Talk Isn’t Cheap

Accountability Communication Personal leadership


Key Point: Learning how to listen and talk to each other is a life long requirement. It requires focus, thoughtful skill development and the mindset, that face-to-face, voice-to-voice conversation is essential to relationship development. An experienced colleague of mine, who has had a very successful executive career, mused to me the other day; “so many of the challenges I was dealing with last week could have been avoided by having conversations with people rather than using the ubiquitous email. If I had a blog, I would blog about the need for everyone to talk more and use email less… It could be a topic for one of your blogs, Lorne?” Ok… Jill… Here it is:

The foundation of successful “talk” starts in childhood. Decades of research shows that parents of all backgrounds do not need to buy expensive educational toys, digital devices and chauffeur their kids to enrichment classes to give them an edge. What they need to do with their children is much simpler: TALK!! But of course, the quality of these discussions counts too. A study conducted by researchers at the UCLA School of Public Health (published in the journal Pediatrics), found that two-way adult-child conversations were six times as potent in promoting language development as interludes in which the adult did all the talking.

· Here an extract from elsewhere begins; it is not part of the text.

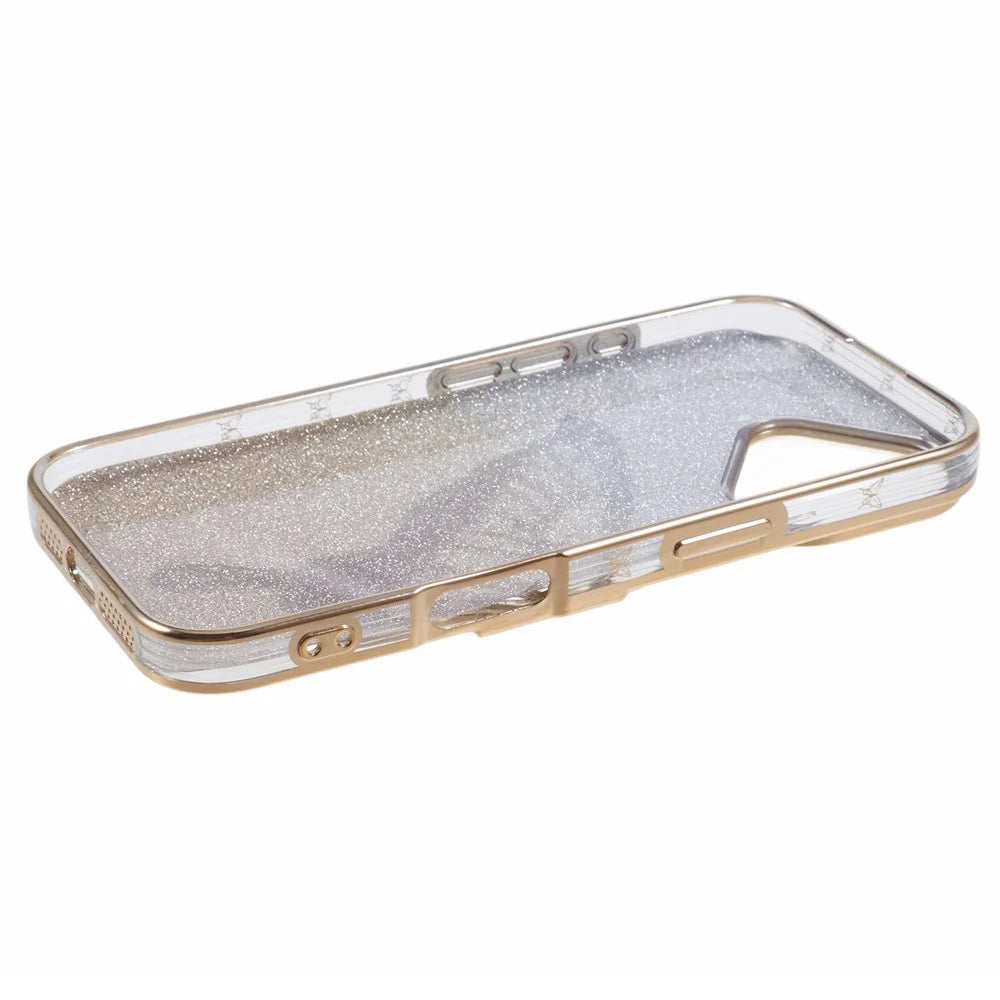 For iPhone 16 Plus Case Quicksand Butterfly TPU Phone Cover with Glass Lens Film - Gold - 4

Notice the phrase “two-way.” Well, the competence from relentlessly developing effective two-way conversation needs to be continuous. It is instructive to me that two leading companies Quicken and Zappos, prioritize two-way communication while bringing all new employees on board. They do not and cannot assume that their new hires come equipped to know how to constructively talk. Wow! The lead content of the leadership development initiative at the company I work for is called “Conversations!” Why? As Susan Scott has famously noted, “Conversation is the relationship and the relationship is the conversation.” One key to effective leadership is the ability to have crucial conversations and develop relationships. 

Character Moves:

  1. How have you improved your skills or ability to have a two-way conversation recently? Are you more equipped to take on any challenging discussion? What framework or model do you use? Or do you just “wing it” because you assume everyone just knows how to ” talk?” As an example, I’m going to watch the video below: “How to Speak so that People Want to Listen.”
  1. Please STOP hiding behind or inappropriately using email and/or texting. They are typically NOT effective tools for problem solving, creating, or meaningful relationship development. With platforms like Skype, FaceTime , and many other video oriented options, we can have more face-to-face interaction, even at a distance. More listening, and talking… Less email trails that can waste time and result in a relationship deficit. 
  1. Remember if we really value a relationship, we have to invest in talking to each other: That simple AND complex. Right, Jill? 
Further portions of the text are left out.